業者との建設契約(2年以内に建てるのではない)を

しなければならなくなった。

このことにより、

親を亡くして家を継いだが、

現在はまだ他の地域で仕事をしている若者たち、

定年後、地元に戻り

生活をしようと計画していたが、

諦めざるを得ないという者もいる。

陸前高田の人口が減っている中、

追い討ちをかけるようなことは

いかがなものかと思う。

莫大な公費が注ぎ込まれているので

いつまでも空地にしておくことが

できないのも分かるし、

高台に土地を持つことの大前提は

あくまでも「住宅再建」であることはわかるが……。

「2年以内に」という条件がついた事で

土地を持つことを諦めた人たちがいて

造成規模が縮小されたり、

売地の看板が立ったところもある。

私の土地は幸い親戚が使う事になって、

今月4日から使用が可能となっている。

住宅を建てるための高台としては

いちばん規模の大きな「T3(高台3)」は

すでに住宅が建っている先行区域の東側と

今月から使える西側に分かれていて

これから次々住宅が建って行くだろう。

地元の工務店では間に合わず、

大手のハウスメーカーが入ってきているので、

1週間もみないともう外装ができている。

ハウスメーカーは全て持ち込みなので

こちらでは何も買うことがなく、

地元にお金は落ちないそう。

なんてっこったい!

1958年生まれ。
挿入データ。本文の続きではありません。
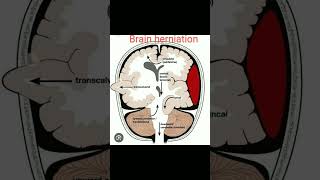 Types of brain herniation [upl. by Alvin]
岩手県陸前高田市にある浄土寺の住職。以前は併設の幼稚園で園長も務めていたが、東日本大震災で寺は大規模半壊、園舎は跡形もなく流され現在休園中。奇跡的に家族の中には犠牲者が無かったが、愛犬一匹を失い、自身も避難所で3カ月、仮設住宅で3年間の生活を余儀なくされた。最大規模の被災地にある寺の住職として、犠牲者の魂や遺族たちの心を支え続けている。現在は妻と震災後にやってきたフレンチブルドッグのハナちゃんと生活。3人の子どもたちは成人し、それぞれ東京などで暮らしている。